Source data
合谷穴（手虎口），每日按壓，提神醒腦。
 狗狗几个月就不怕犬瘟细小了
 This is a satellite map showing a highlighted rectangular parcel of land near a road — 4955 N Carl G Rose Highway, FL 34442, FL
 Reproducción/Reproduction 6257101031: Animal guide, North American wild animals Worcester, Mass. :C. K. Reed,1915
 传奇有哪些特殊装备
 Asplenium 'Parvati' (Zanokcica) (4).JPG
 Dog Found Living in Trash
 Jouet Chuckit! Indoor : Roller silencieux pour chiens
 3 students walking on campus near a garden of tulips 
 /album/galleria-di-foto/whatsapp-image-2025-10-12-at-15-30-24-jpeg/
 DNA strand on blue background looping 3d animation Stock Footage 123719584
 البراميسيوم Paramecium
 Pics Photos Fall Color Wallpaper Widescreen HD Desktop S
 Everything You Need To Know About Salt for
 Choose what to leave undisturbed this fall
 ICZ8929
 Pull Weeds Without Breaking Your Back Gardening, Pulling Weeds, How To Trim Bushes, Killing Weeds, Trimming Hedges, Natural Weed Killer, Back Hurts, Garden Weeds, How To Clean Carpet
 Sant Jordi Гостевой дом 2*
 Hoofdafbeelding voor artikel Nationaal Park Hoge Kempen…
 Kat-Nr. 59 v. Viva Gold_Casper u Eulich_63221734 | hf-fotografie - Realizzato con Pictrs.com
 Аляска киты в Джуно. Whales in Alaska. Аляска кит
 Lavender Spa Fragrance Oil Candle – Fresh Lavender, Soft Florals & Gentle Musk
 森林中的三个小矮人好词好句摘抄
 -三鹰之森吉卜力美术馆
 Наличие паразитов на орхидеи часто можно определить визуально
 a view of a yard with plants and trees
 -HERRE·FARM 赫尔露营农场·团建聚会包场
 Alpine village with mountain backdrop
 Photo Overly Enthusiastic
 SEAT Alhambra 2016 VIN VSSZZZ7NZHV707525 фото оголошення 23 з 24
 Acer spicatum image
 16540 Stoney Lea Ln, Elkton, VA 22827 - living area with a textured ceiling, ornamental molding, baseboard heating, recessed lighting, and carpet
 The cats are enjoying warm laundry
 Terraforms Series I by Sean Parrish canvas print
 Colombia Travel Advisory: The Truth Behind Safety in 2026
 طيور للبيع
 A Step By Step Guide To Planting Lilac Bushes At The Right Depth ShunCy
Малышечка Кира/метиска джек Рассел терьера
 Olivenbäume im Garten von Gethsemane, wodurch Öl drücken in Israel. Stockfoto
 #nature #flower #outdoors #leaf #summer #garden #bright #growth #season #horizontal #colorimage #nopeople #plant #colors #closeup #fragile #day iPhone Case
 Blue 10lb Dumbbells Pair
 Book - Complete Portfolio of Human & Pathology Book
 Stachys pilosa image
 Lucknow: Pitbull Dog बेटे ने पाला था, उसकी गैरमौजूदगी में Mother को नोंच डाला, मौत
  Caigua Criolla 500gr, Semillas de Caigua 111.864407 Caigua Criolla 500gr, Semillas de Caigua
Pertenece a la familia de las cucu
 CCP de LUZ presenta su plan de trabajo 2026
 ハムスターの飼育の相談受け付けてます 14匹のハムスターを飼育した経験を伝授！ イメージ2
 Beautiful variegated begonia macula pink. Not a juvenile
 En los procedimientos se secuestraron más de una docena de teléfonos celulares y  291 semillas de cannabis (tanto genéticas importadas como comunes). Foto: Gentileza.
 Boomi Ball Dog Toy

== ACTIVITY ==
Of all the entries above, output exactly the lines between the one holding "This is a satellite" and the one holding "Pull Weeds Without", inclusive.

== OUTPUT OF THE EXERCISE ==
 This is a satellite map showing a highlighted rectangular parcel of land near a road — 4955 N Carl G Rose Highway, FL 34442, FL
 Reproducción/Reproduction 6257101031: Animal guide, North American wild animals Worcester, Mass. :C. K. Reed,1915
 传奇有哪些特殊装备
 Asplenium 'Parvati' (Zanokcica) (4).JPG
 Dog Found Living in Trash
 Jouet Chuckit! Indoor : Roller silencieux pour chiens
 3 students walking on campus near a garden of tulips 
 /album/galleria-di-foto/whatsapp-image-2025-10-12-at-15-30-24-jpeg/
 DNA strand on blue background looping 3d animation Stock Footage 123719584
 البراميسيوم Paramecium
 Pics Photos Fall Color Wallpaper Widescreen HD Desktop S
 Everything You Need To Know About Salt for
 Choose what to leave undisturbed this fall
 ICZ8929
 Pull Weeds Without Breaking Your Back Gardening, Pulling Weeds, How To Trim Bushes, Killing Weeds, Trimming Hedges, Natural Weed Killer, Back Hurts, Garden Weeds, How To Clean Carpet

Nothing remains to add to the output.